■ **What you have to do**: Output exactly, and only, the lines below from the one with "Wera Ball End" down to the one with "SOJANYA Boys Beige". Include both end lines and no pictures.

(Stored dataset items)

'''

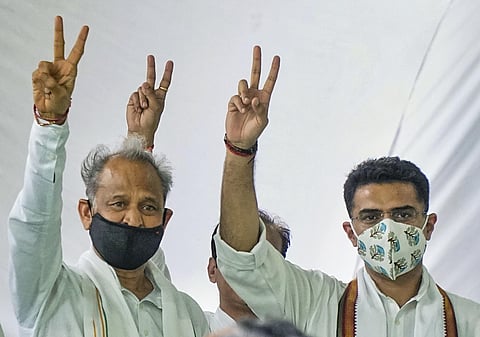 Rajasthan Chief Minister Ashok Gehlot along with senior Congress leader Sachin Pilot. (Photo| PTI)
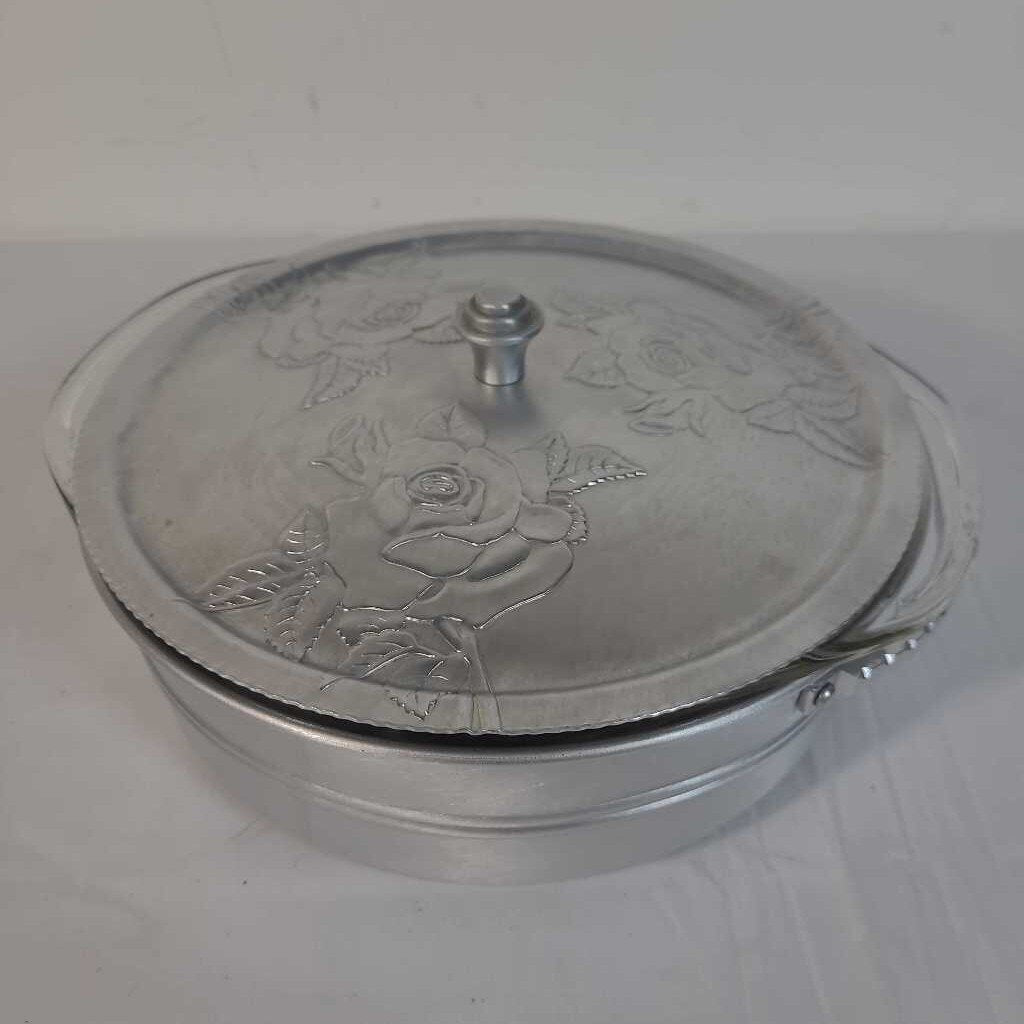 VTG FORGED ALUMINUM CASSEROLE SERVER W/ROSES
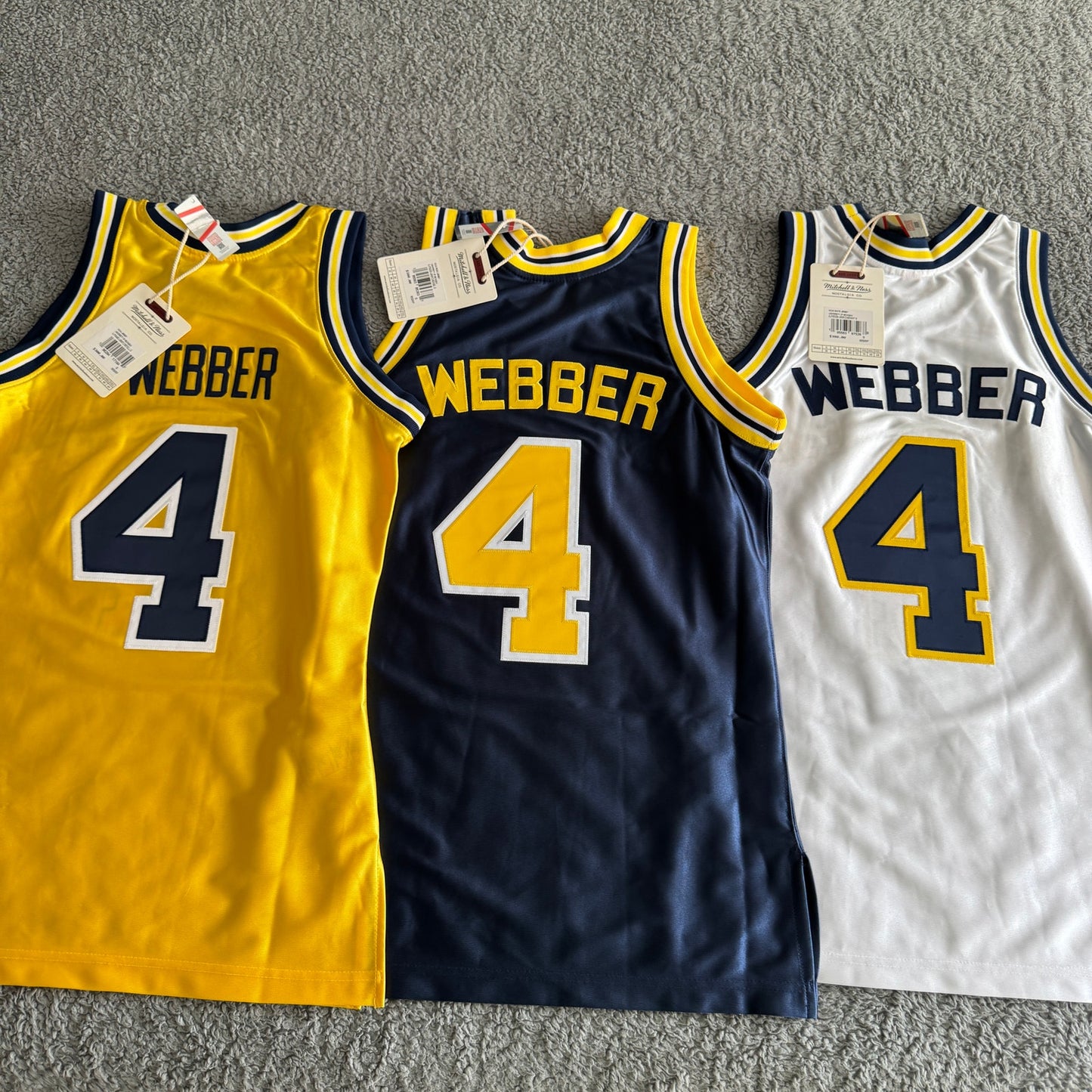 NWT (3) Mitchell & Ness Chris Webber NCAA Michigan Wolverines Jersey Lot Men's S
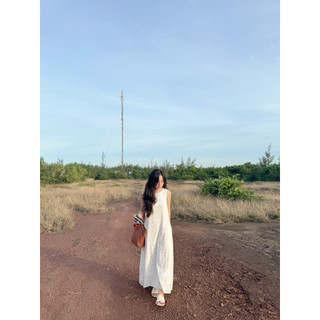Đầm cộc tay thô boi in hoa nhí dáng dài Ma Vie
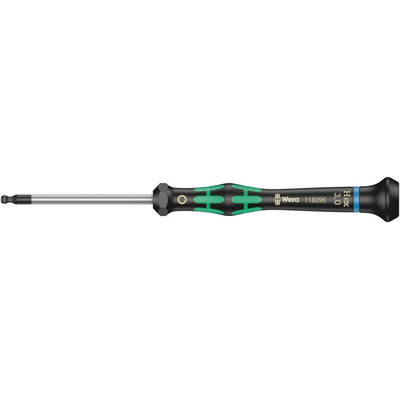 Wera Ball End Hexagon Precision Screwdriver, 7/64 in Tip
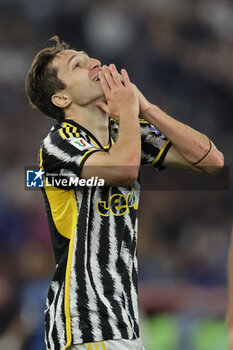 2024-05-15 - Juventus' Italian forward Federico Chiesa looks dejected during the Italian Cup final football match between Atalanta and Juventus at Stadio Olimpico on May 15,2024 in Rome, Italy. - FINAL - JUVENTUS FC VS ATALANTA BC - ITALIAN CUP - SOCCER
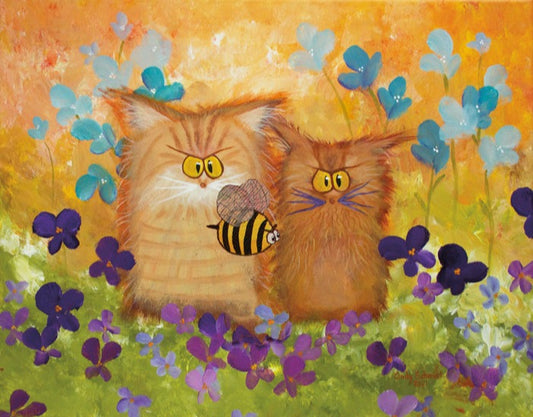 Two Orange Cranky Cats with Bee — Matted Print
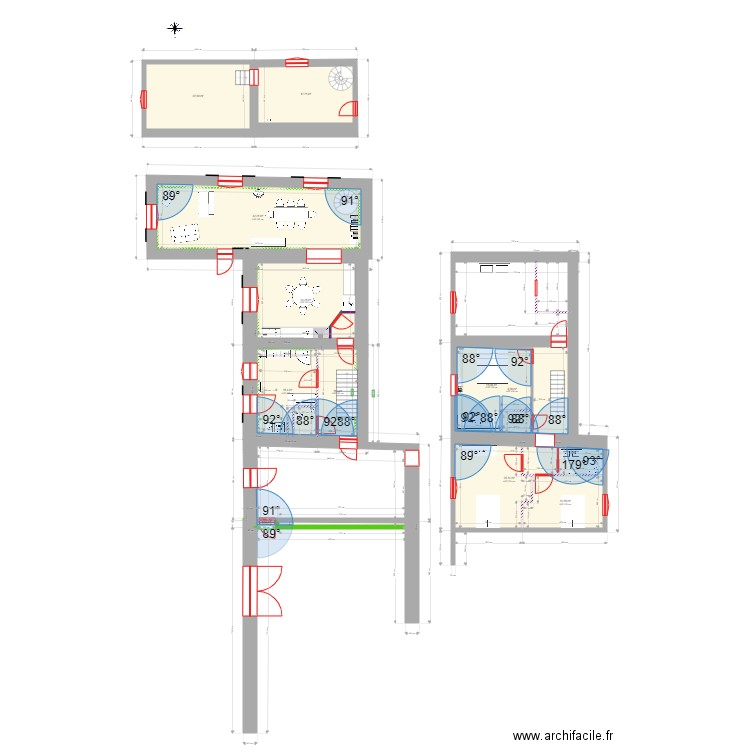 MAISON RANCHAL PLAN AVEC ETAGE 4 CH. Plan de 12 pièces et 224 m2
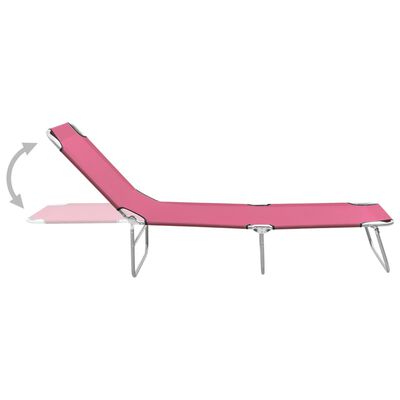 vidaXL Tumbona plegable de acero y tela rosa
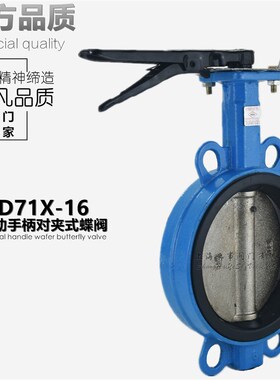 D71X-10/16软密封不锈钢板手动对夹式手柄蝶阀DN50 65 80 100 150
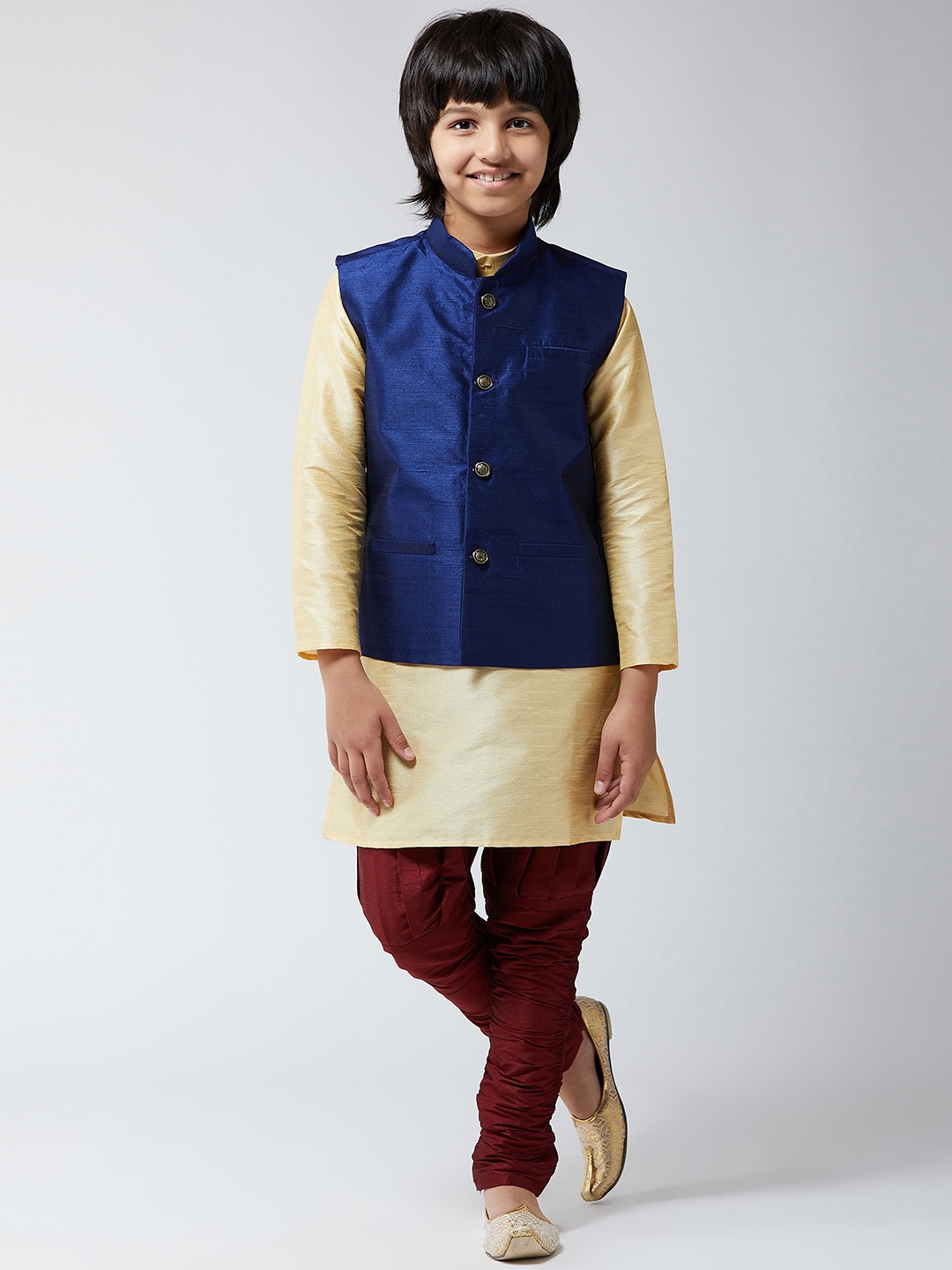 

SOJANYA Boys Beige & Maroon Solid Kurta with Harem Pants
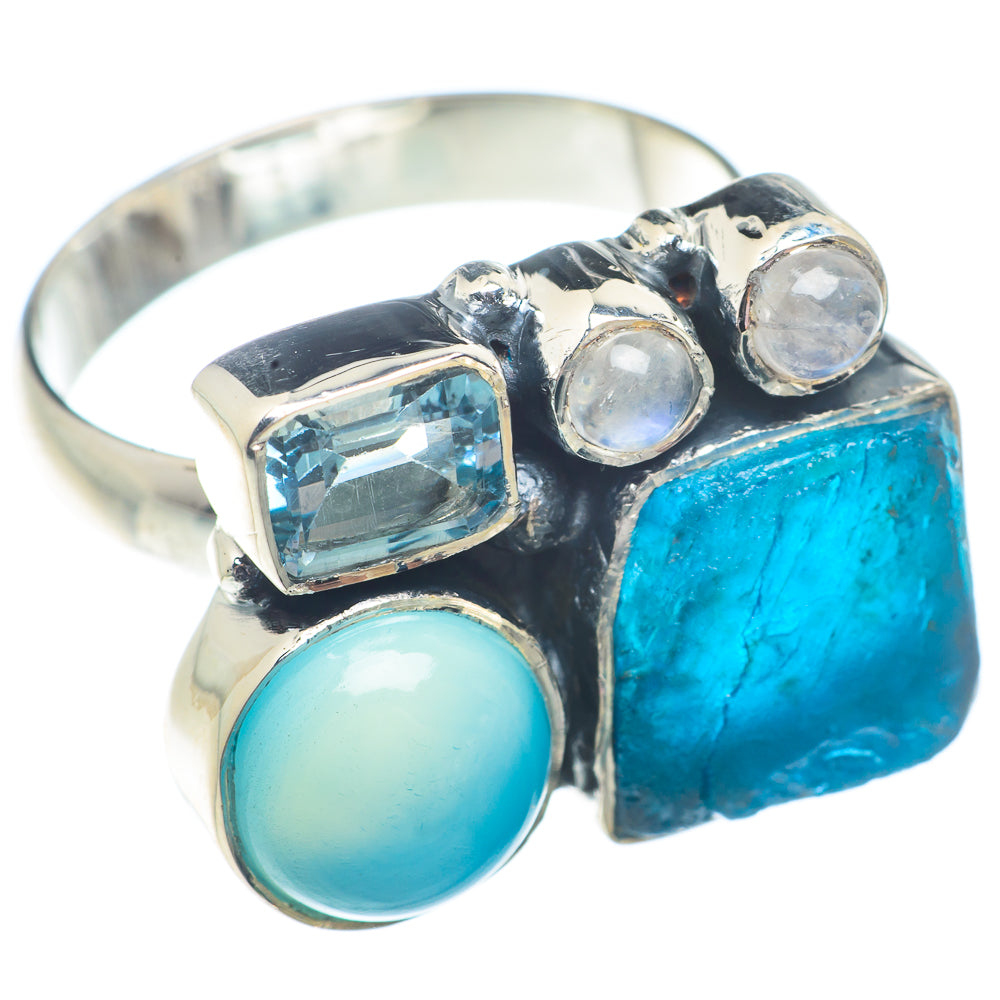 Blue Fluorite, Aqua Chalcedony, Blue Topaz, Rainbow Moonstone Rings handcrafted by Anasilvercos - RING73523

'''

■ **Response**:
 Wera Ball End Hexagon Precision Screwdriver, 7/64 in Tip
 2024-05-15 - Juventus' Italian forward Federico Chiesa looks dejected during the Italian Cup final football match between Atalanta and Juventus at Stadio Olimpico on May 15,2024 in Rome, Italy. - FINAL - JUVENTUS FC VS ATALANTA BC - ITALIAN CUP - SOCCER
 Two Orange Cranky Cats with Bee — Matted Print
 MAISON RANCHAL PLAN AVEC ETAGE 4 CH. Plan de 12 pièces et 224 m2
 vidaXL Tumbona plegable de acero y tela rosa
 D71X-10/16软密封不锈钢板手动对夹式手柄蝶阀DN50 65 80 100 150

SOJANYA Boys Beige & Maroon Solid Kurta with Harem Pants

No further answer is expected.